* **Given information**
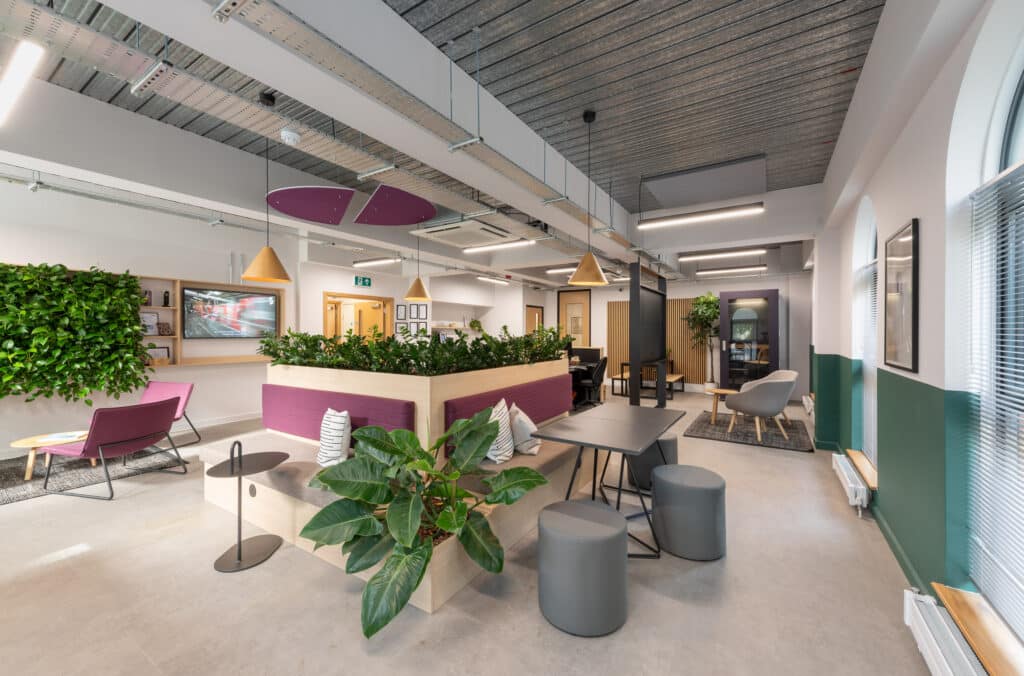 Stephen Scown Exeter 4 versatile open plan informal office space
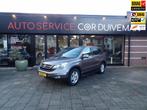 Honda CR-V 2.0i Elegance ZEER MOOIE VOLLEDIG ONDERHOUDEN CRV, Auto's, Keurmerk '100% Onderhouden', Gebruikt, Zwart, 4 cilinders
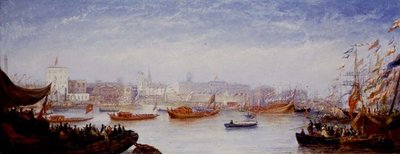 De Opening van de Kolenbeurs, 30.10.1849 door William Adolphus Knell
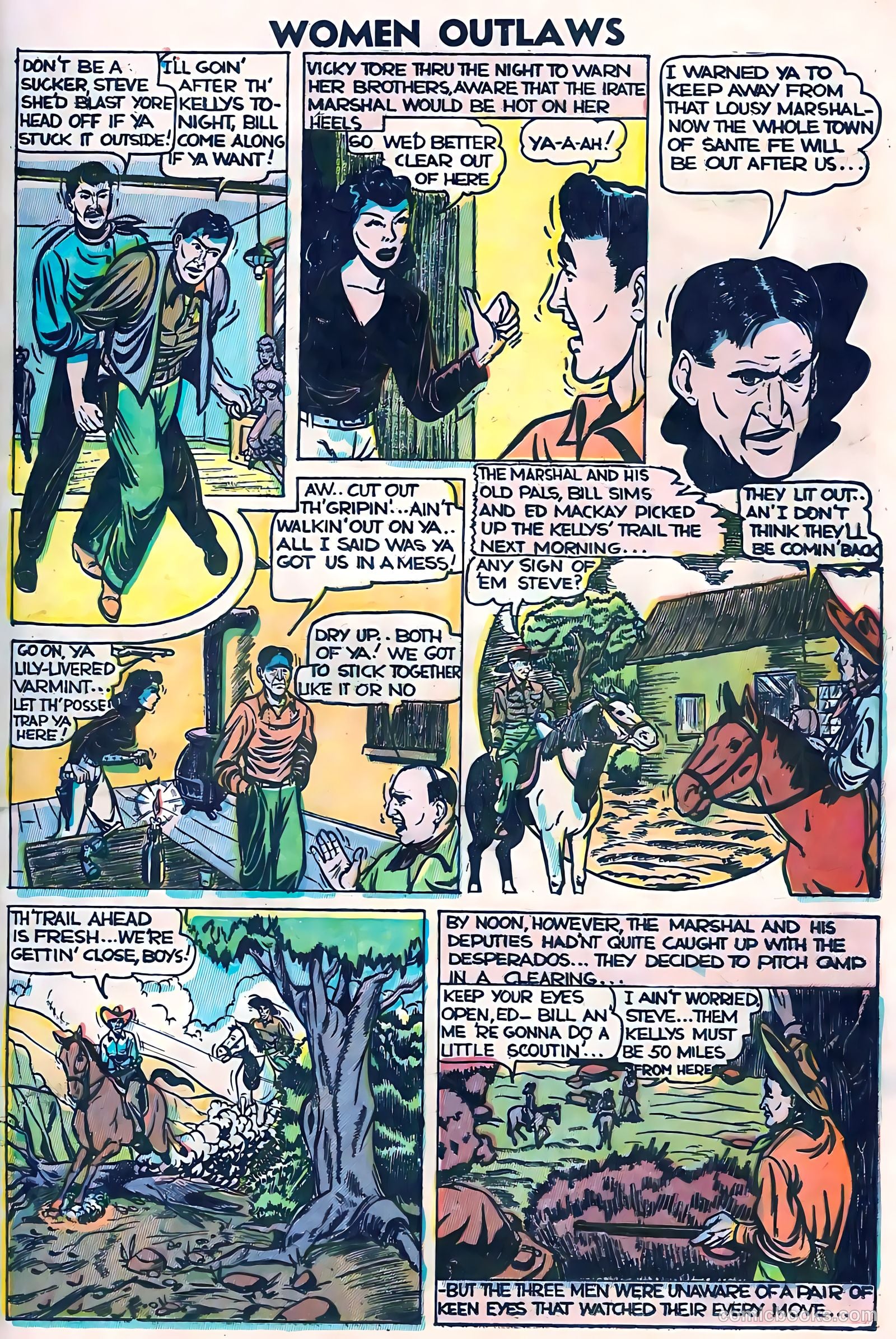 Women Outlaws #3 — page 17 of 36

* **To do**
Word for word, restate each line above, minus its pictures.

* **Result**
 Stephen Scown Exeter 4 versatile open plan informal office space
 Honda CR-V 2.0i Elegance ZEER MOOIE VOLLEDIG ONDERHOUDEN CRV, Auto's, Keurmerk '100% Onderhouden', Gebruikt, Zwart, 4 cilinders
 De Opening van de Kolenbeurs, 30.10.1849 door William Adolphus Knell
 Women Outlaws #3 — page 17 of 36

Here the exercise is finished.